III. Jury Trial Demand
Running Bird's Complaint demands a jury trial. Doc. 14; Doc. 1 at 8 (civil cover sheet). But the only claim to survive summary judgment is Running Bird's free exercise claim for family pow wows under RLUIPA. Monetary damages are unavailable under RLUIPA. Running Bird's surviving claim is therefore limited to declaratory and injunctive relief, both equitable remedies. There is no right to a juiy trial on claims limited to equitable relief. See, e.g., Hornsby v. St. Louis Sw. Ry. Co., 963 F.2d 1130 (8th Cir. 1992) (holding that a plaintiff is not entitled to a jury trial when claims are equitable in nature); Baum v. Blue Moons Ventures, LLC, 513 F.3d 181, 193 (5th Cir. 2008) (“Unless Congress has expressly provided to the contrary, an injunction is an equitable remedy that does not invoke a constitutional right to a jury trial.”); Kramer v. Banc of Am. Sec., LLC, 355 F.3d 961, 966 (7th Cir. 2004) (“There is no right to a jury where the only remedies sought (or available) are equitable.” (citations omitted)); Holt v. Payne, 22-cv-00553, 2024 WL 3166079, at *1 n.2 (E.D. Ark. June 25, 2024) (noting the absence of a jury question since plaintiff seeks only injunctive relief). Running Bird's request for a jury trial is, therefore, denied. The Court will be in contact with counsel soon to schedule a bench trial on the lone remaining claim for family pow wows under RLUIPA.
IV. Conclusion
For the above reasons, it is hereby
ORDERED that Defendants' Renewed Motion for Summary Judgment, Doc. 41, is denied as to the claim below:
1. Running Bird's family pow wow claim under RLUIPA against all Defendants in their official capacities seeking injunctive relief. It is further
ORDERED that Defendants' Renewed Motion for Summary Judgment, Doc. 41, is granted as to the following claims:
1. Running Bird's claim for separate sweat ceremonies under RLUIPA against all Defendants in their official capacities seeking injunctive relief.

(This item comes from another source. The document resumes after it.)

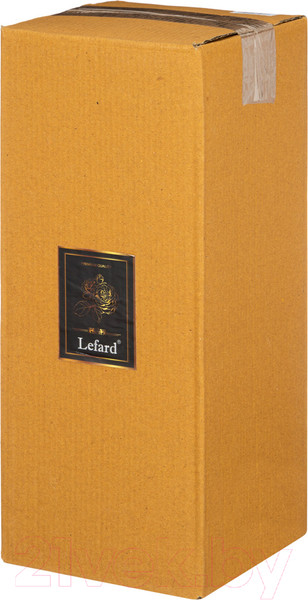 Изображение товара Подсвечник Lefard 875-308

2. Running Bird's free exercise claim for injunctive relief against all Defendants in their official capacities arising out of the combined sweat ceremonies.
3. Running Bird's equal protection claim against all Defendants in their official capacities for injunctive relief.
4. Running Bird's free exercise claim arising from combined sweat ceremonies against Mertens-Jones in her individual capacity. It is finally
ORDERED that Running Bird's demand for a jury trial is denied.